Control is generally a good thing. This applies but is not limited to: drone piloting, self-restraint at Happy Hour with your boss, and Marley Marl and Janet Jackson albums. It's really good for a pitcher who wants to stay in the big leagues. Giolito just didn't have it last year and now he does, sporting a 19.3 K-BB%. Aside from cutting down drastically on free passes, his strikeout rate has nearly doubled to 28.5%. That's quite a leap.

Here's how he is doing it - better pitch selection. Giolito is throwing his curveball less and he's eliminated his sinker completely. Giolito threw his sinker 20.5% of the time last year and it was hit more than all five of his pitch types at an xBA of .287 and a whiff rate of 12%. Now, Statcast doesn't even register the pitch. Instead, he's throwing his four-seamer more frequently and mixing in a changeup a quarter of the time.

He still relies mainly on his fastball, which has average spin and slightly above-average velocity (65th percentile) but he's keeping batters off-balance more often while eliminating his worst pitch. That doesn't account for the strikeout jump though. In that case, it's all about the slider.

 

It's All About the Slider

When he first came up in 2016, Giolito wasn't throwing a slider. Now, it's his main put away pitch, 23.7% of the time, generating a 53.8% Whiff%. Take a look at how his Whiffs per Swing have gone up on that one pitch alone.

By contrast, let's look at the recent trend for another right-handed starter of similar stature within the same division, Corey Kluber. His Whiffs per Swing rate on the slider was sky high once he began his All-Star run but fell off a cliff last year. It was at its lowest rate since his rookie year before he got hurt this season.

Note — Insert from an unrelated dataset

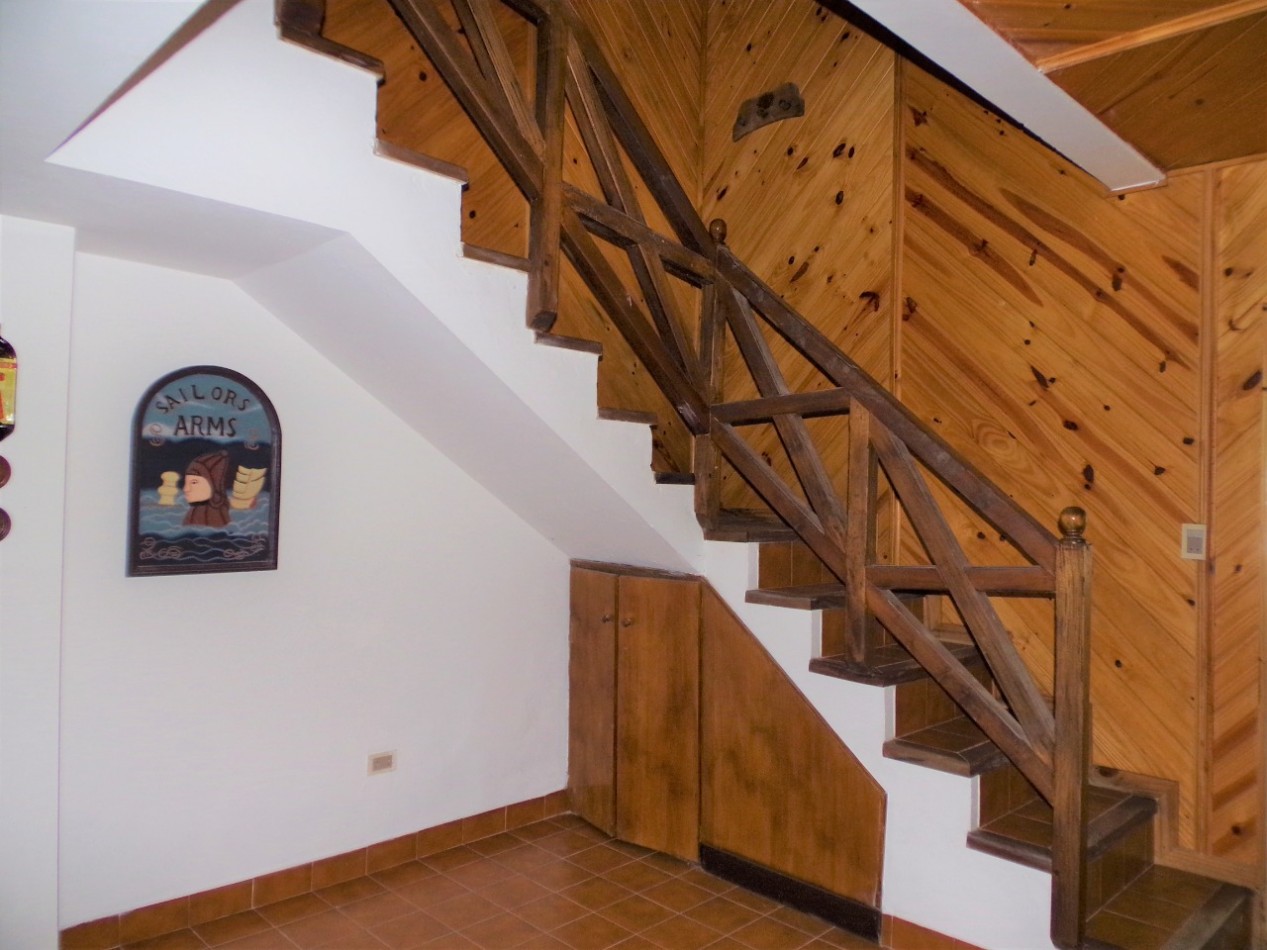 Chalet Sobre 2 Lotes, C/piscina en Sta. Clara del Mar Vende o Permuta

The former Cy Young winner, and All-Star for the past three years, is nine years older and is currently on the shelf with a broken arm, so this year is a wash for him anyway. That doesn't mean we can't imagine Giolito as a young Kluber based on this data, right?

 

Conclusion

Giolito's outlook is pointing up based on a number of factors. Strand rate can fluctuate, as can team context. His defense has been better (I didn't say good, just better) and his bullpen has held up. Strong work by Alex Colome and Kelvin Herrera (it was one bad outing, OK?) have helped him reach a 6-1 record before June arrives. Those factors are out of a pitcher's control.

Giolito is taking control by asserting himself as a strikeout pitcher more so than a ground ball pitcher. The introduction of the slider more often and the elimination of an ineffective sinker have helped him achieve that goal. There's no need to worry about stranding runners if you don't give them the chance to put the ball in play in the first place, after all.

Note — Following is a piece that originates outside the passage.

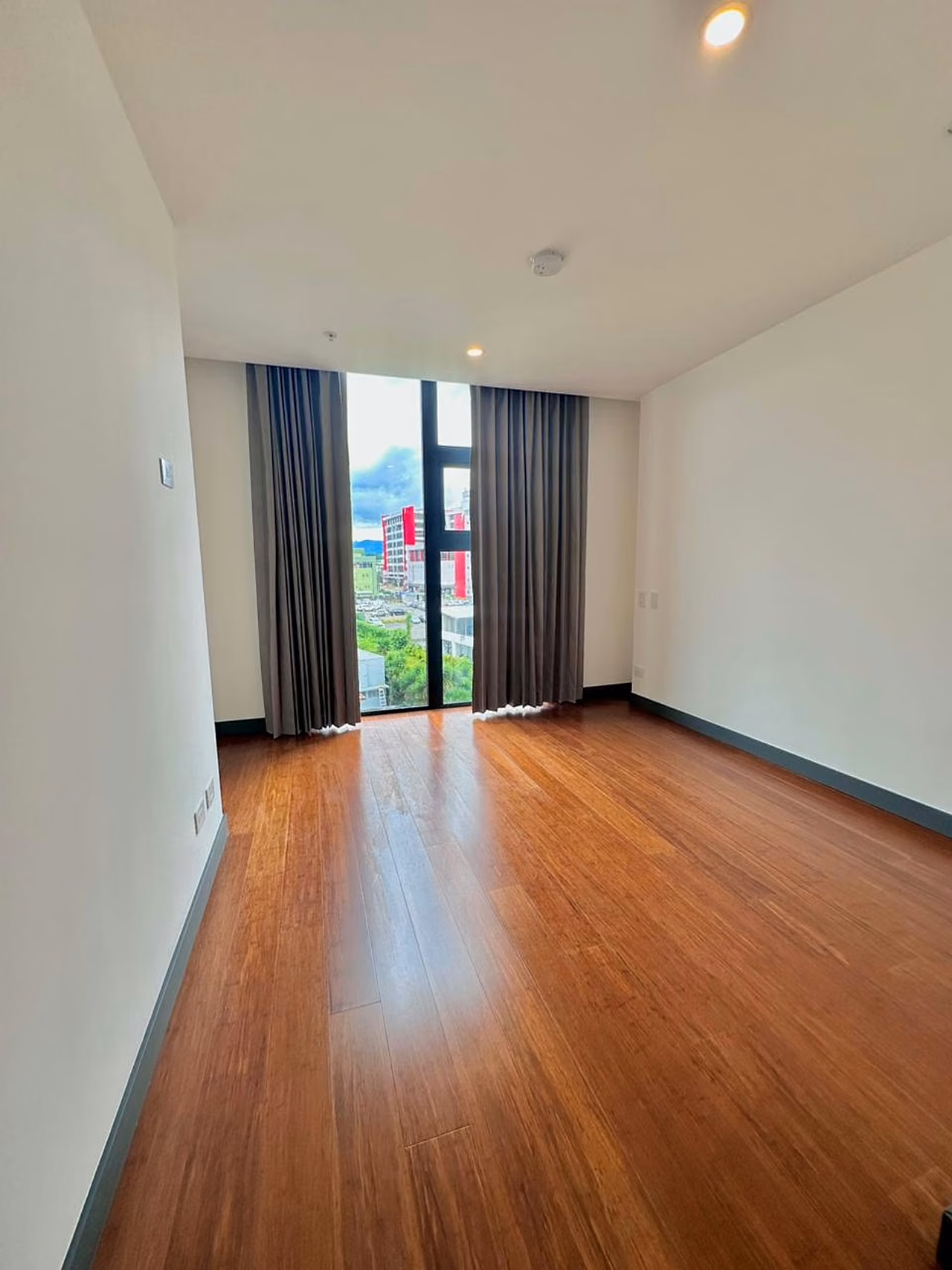 Beautiful apartment in Barrio Dent — photo 8 of 17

Many fantasy owners are skittish to buy into Giolito based on last year's nightmare season, reflected in the fact he was barely half-owned in all leagues before his domination of the Astros. That figure is now up to 64%, which means a decent amount of leagues still have him sitting on waivers ready to be claimed. If nothing else, those looking for pitching help in keeper leagues should see if a buy-low window still exists with a contender who owns Giolito. This would have been much easier to achieve a week ago but the gleeful owner who is content to "sell high" may take a fraction of his real value by thinking he is bound to crash and burn. You know better though.